Inflammation signals induce dormancy in aging brain stem cells
In old age, the amount of stem cells in the brains of mice decreases drastically. The remaining ones protect themselves from completely vanishing by entering a state of dormancy, scientists from the German Cancer Research Center (DKFZ) have now reported in Cell. The old stem cells are hard to awaken, but once reactivated, they are just as potent as young ones. Their dormancy is promoted by inflammatory signals from the stem cells' environment. Anti-inflammatory substances may therefore be a key to awakening the stem cells and stimulating repair processes in the brain in old age.
Stem cells in certain areas of the adult brain are capable of generating new nerve cells (neurons) for life. These stem cells are also activated in the wake of injury to the brain and, additionally, may form the cells of origin to specific brain tumors.

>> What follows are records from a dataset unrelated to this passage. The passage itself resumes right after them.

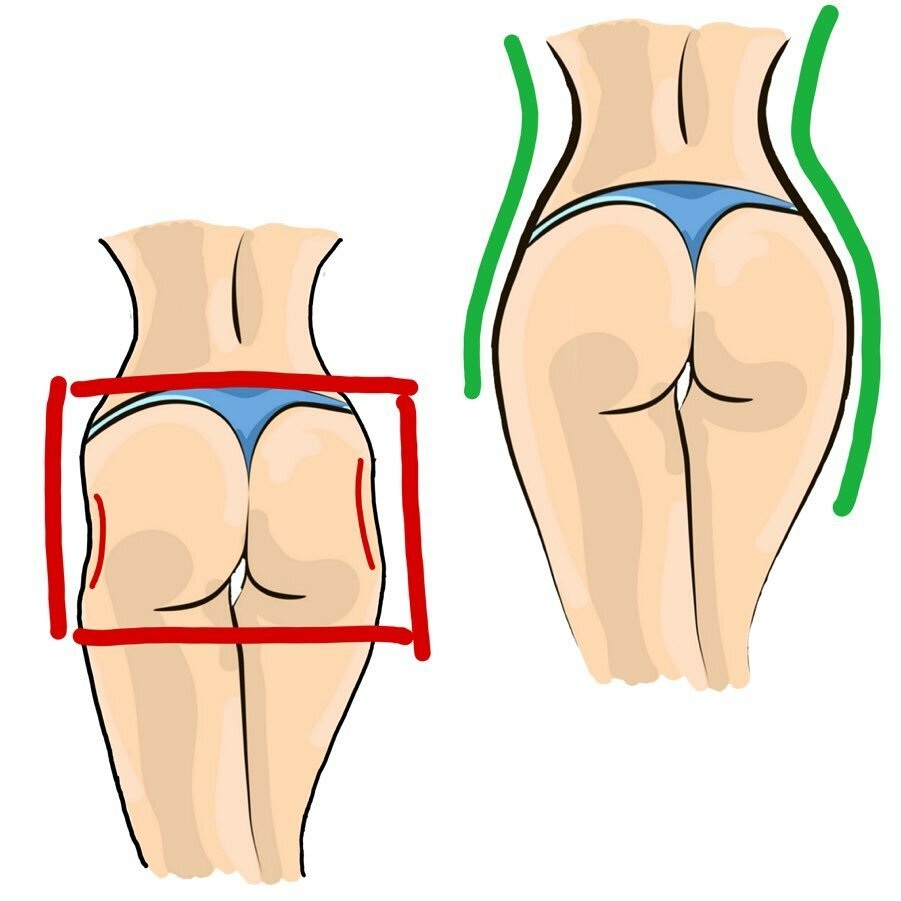 Формы ягодиц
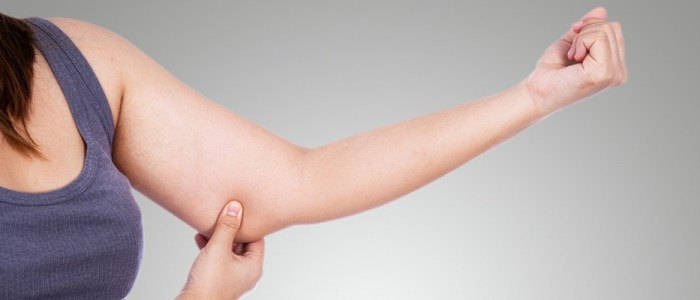 Lipoaspiração nos braços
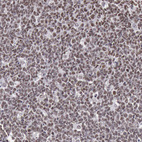 Anti-NKAP Antibody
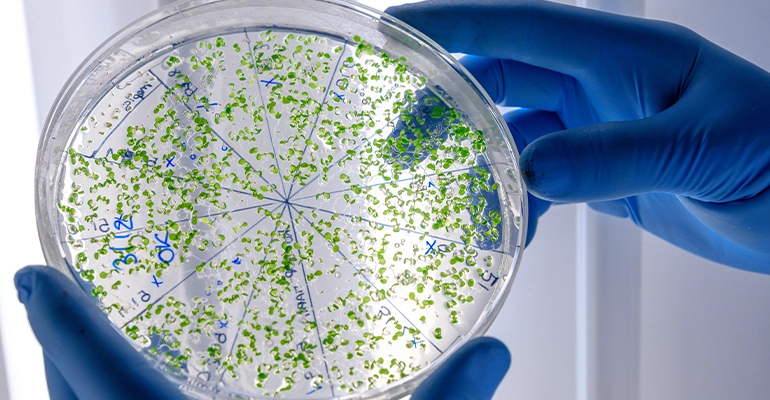 Autologous Stem Cell Hair Treatment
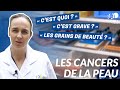 Les symptômes des cancers de la peau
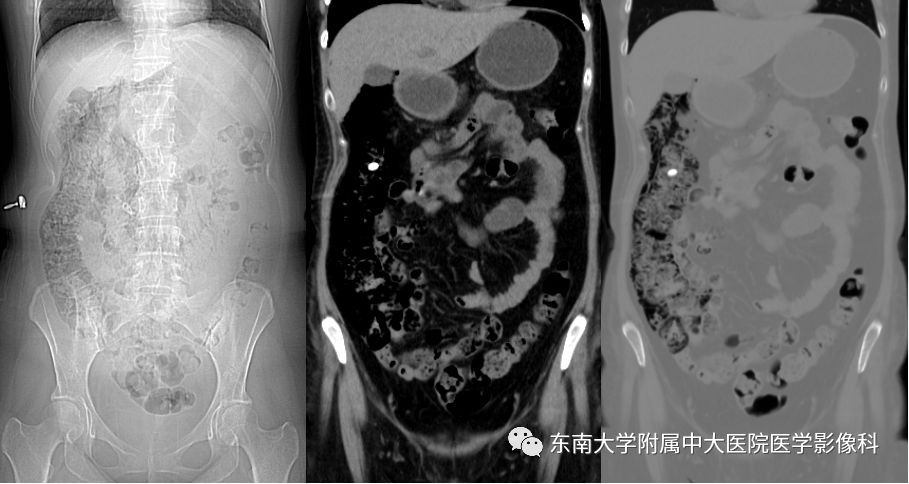 【病例】肠气囊肿症1例CT影像诊断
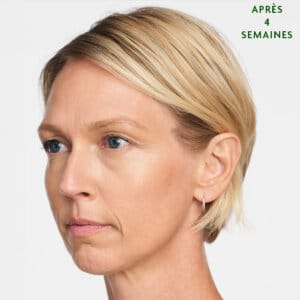 Sculptra est un traitement esthétique injectable à Laval et la région de Montréal conçu pour remplir des zones spécifiques du corpss. Il favorise la production de comblement naturel dans votre corps, permettant de combler les rides sur le long terme et d'aider votre peau à générer du nouveau collagène.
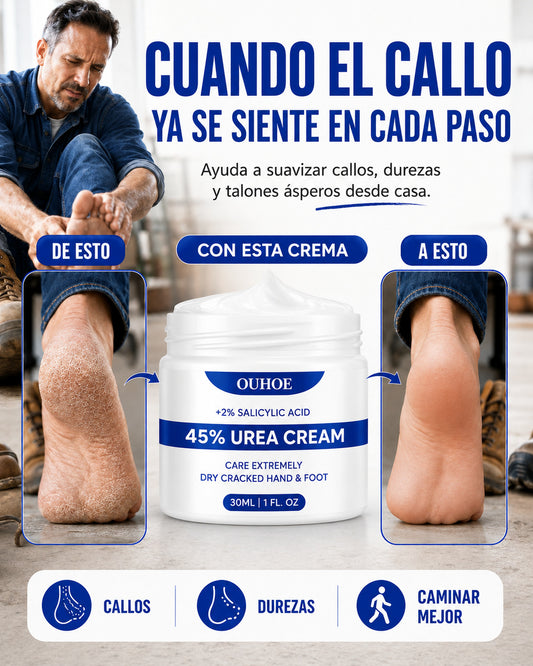 Crema para Callos OUHOE - Camina con mayor comodidad
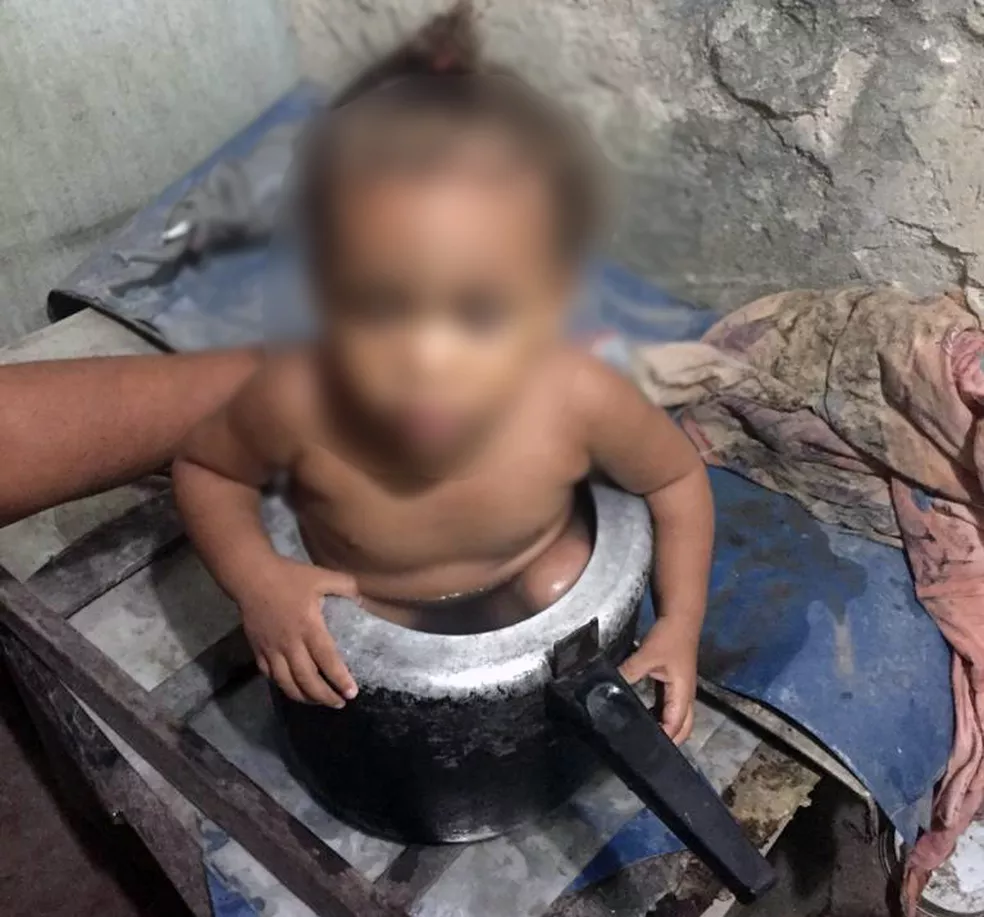 Criança entrou em panela de pressão e ficou presa em Goiana — Foto: Reprodução/WhatsApp Criança entrou em panela de pressão e ficou presa em Goiana — Foto: Reprodução/WhatsApp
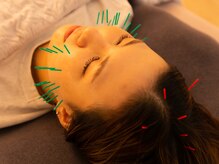 ゴート 豊田店(GOAT)/美容鍼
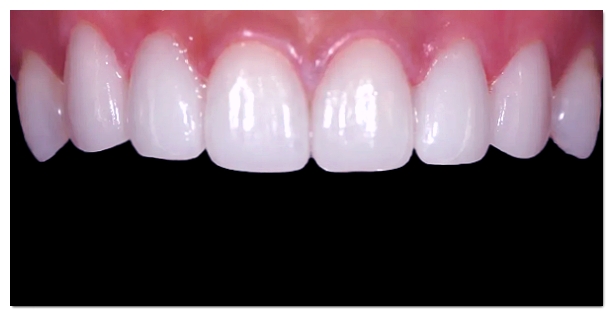 How Should You Choose a Laminate Veneer Dentist in Yeoksam-dong? image 8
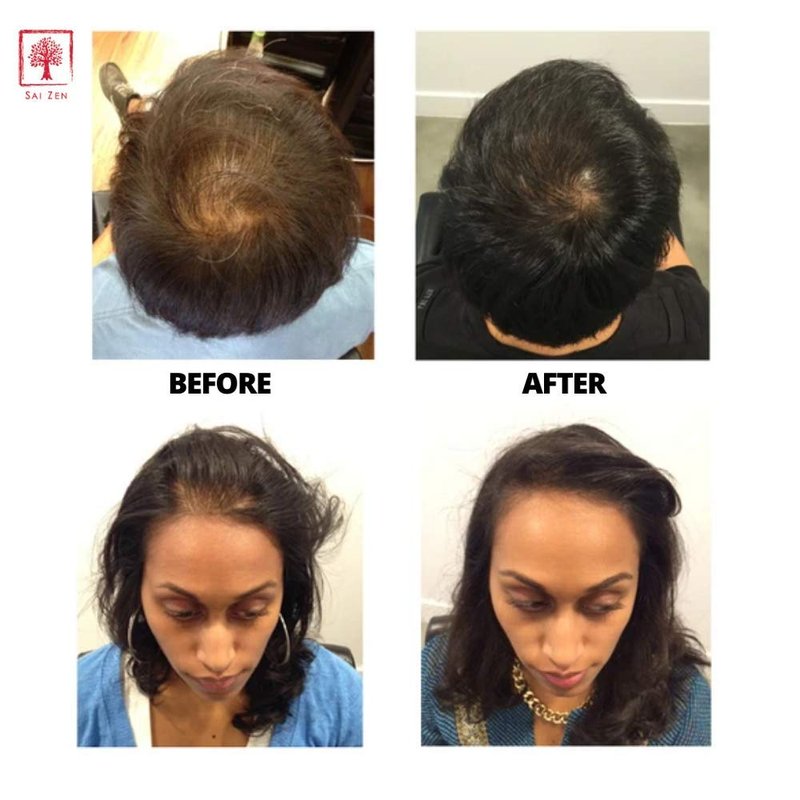 Volume Plus Shampoo - Anti-Thinning & Volumizing Formula | Sulfate & Paraben Free | 8 oz for All Hair Types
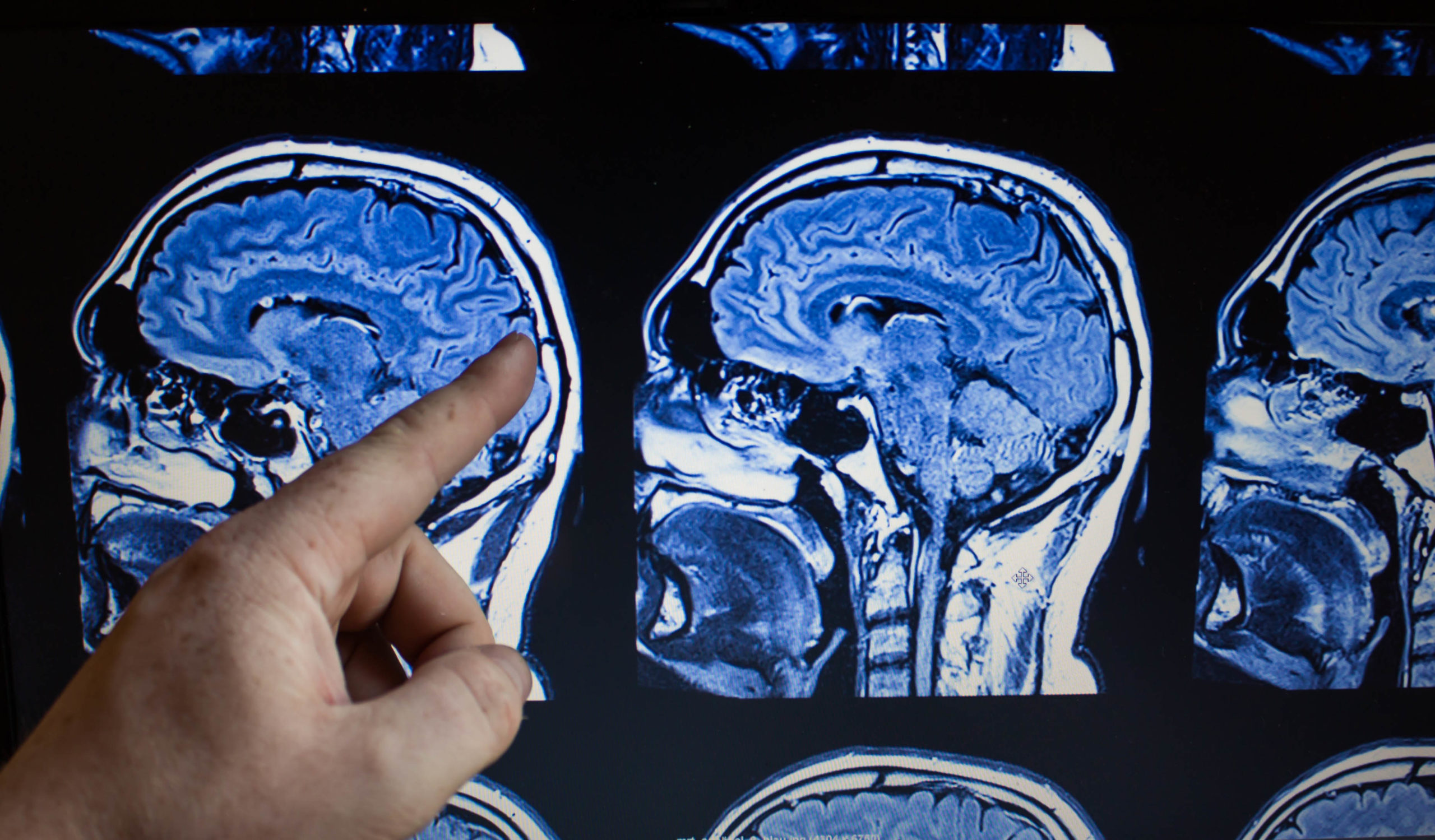 Gehirntumor: Diese wichtigen Warnzeichen sollte man kennen – Heilpraxis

However, in the aging brain, the replenishment of young neurons diminishes. Scientists in the team of Ana Martin-Villalba, a stem cell researcher at the German Cancer Research Center (DKFZ) in Heidelberg, in collaboration with colleagues from the Universities of Heidelberg and Luxemburg, have now discovered a cause for this loss of function. They discovered that the amount of stem cells drastically declines as aging progresses. "This is because most stem cells disappear in the process of differentiating into mature brain cells and only a small portion of them generates new stem cells," Martin-Villalba explains. "If they did not increasingly enter into a state of dormancy without dividing actively as the brain ages, the supply of stem cells in the brain of an old mouse would be completely exhausted. They are using the dormancy to gain time."
Not only does the number of dormant stem cells increase in old age, they are also harder to awaken from their dormant state by emergency signals such as injury. But once awakened, they are just as potent as young stem cells in regenerating neurons.
The team found out that the dormancy appears to be promoted by inflammatory chemical messengers and signals of the key Wnt signaling chain which are transmitted from the stem cells' immediate surroundings, called "niche". When these signals are blocked using antibodies, the dividing activity of neural stem cells increases again and they provide more neurons for everyday life as well as for repair processes.
"The central finding of our work is that dormancy promoted by inflammation is a key characteristic of aging brain stem cells," says Martin-Villalba. "However, drugs can be used to reduce inflammation. This may be an approach to stimulating the regeneration of neurons and initiating repair mechanisms in the brain in old age."